Die zulässige Beschwerde ist unbegründet.

Eine Verwechslungsgefahr zwischen der im Inland nachträglich Schutz begehrenden international registrierten Marke der Beschwerdegegnerin und den Unionsmarken der Beschwerdeführerin ist schon deshalb ausgeschlossen, weil gemäß § 43 Abs. 1 Satz 3 [X.] auf Seiten der [X.] keine Waren und Dienstleistungen in die Prüfung einbezogen werden können. Die Widersprechende hat auf die zulässig gemäß §§ 119, 43 Abs. 1 [X.] erhobenen pauschalen Nichtbenutzungseinreden der Inhaberin der angegriffenen Marke die Benutzung der [X.] für den Zeitraum von fünf Jahren vor der Entscheidung über den Widerspruch nicht glaubhaft gemacht.
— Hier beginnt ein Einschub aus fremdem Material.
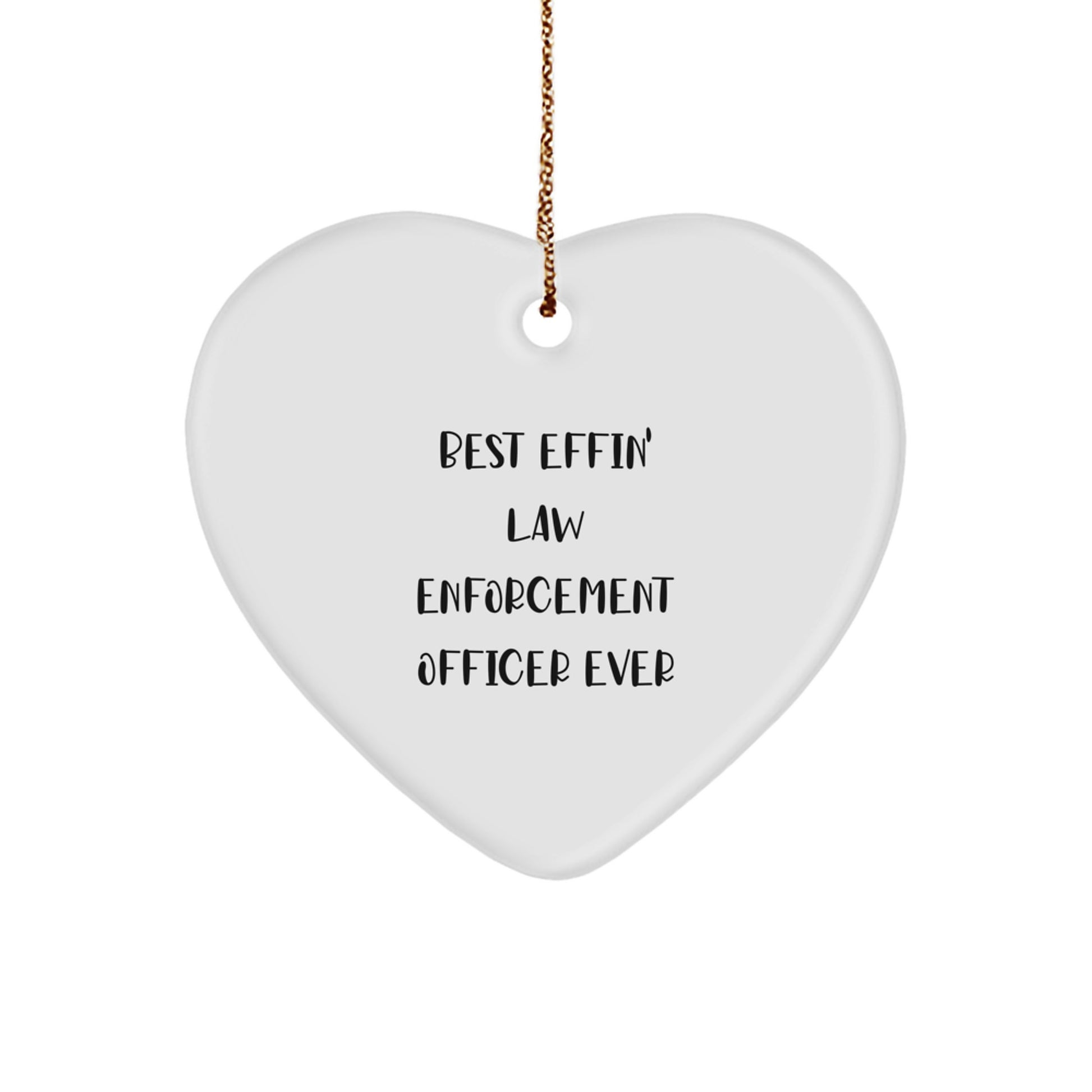 Funny Law Enforcement Officer Gifts from Friends and Family - Best Effin' Law Enforcement Officer Ever Heart Ornament for Men - Heart Shaped Law Enforcement Officer Christmas Unique Gifts - Image 1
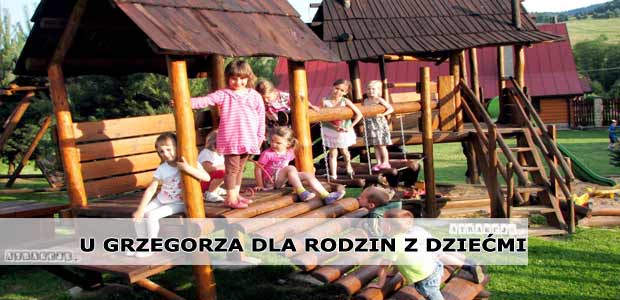 U Grzegorza dla rodzin z dziećmi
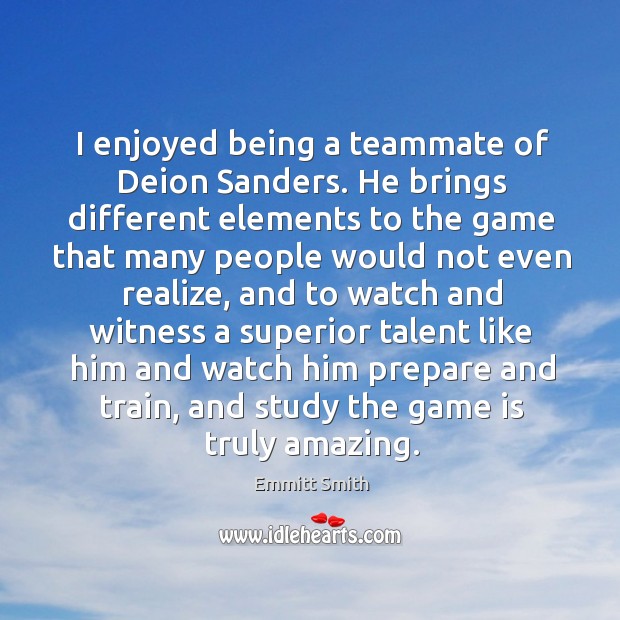 I enjoyed being a teammate of deion sanders. He brings different elements to the game that Emmitt Smith Picture Quote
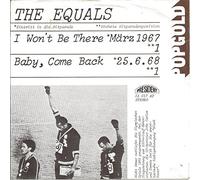 EQUALS - I won't be there / Baby come back (Pop Gold) / 13 017 AT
Gemäß §§ 119, 124, 114 Abs. 1, 125b Nr. 4, 43 Abs. 1 Satz 1 und 2 [X.] i. V. m. Art. 15 [X.] ist die Benutzung der [X.] sowohl für den Zeitraum von fünf Jahren vor [X.] der nachträglichen Schutzerstreckung in der [X.] am 16. Juni 2011 als auch für den Zeitraum von fünf Jahren vor der Entscheidung über den Widerspruch glaubhaft zu machen. Bei letzterem handelt es sich um einen wandernden Benutzungszeitraum. Im Fall der Beschwerde ist die Benutzung in den letzten fünf Jahren vor der Entscheidung über die Beschwerde glaubhaft zu machen, also vorliegend für die Zeit von August 2011 bis Juli 2016. Für diesen Zeitraum hat die Beschwerdeführerin keinerlei Ausführungen über die Benutzung der [X.] vorgebracht und auch keinerlei Benutzungsunterlagen eingereicht. Die vorgelegte eidesstattliche Versicherung des Geschäftsführers der Beschwerdeführerin stammt vom 31. Januar 2011, die genannten Umsatzzahlen enden im Geschäftsjahr 2010, die eingereichten Rechnungen betreffen die Jahre 2005 bis 2009.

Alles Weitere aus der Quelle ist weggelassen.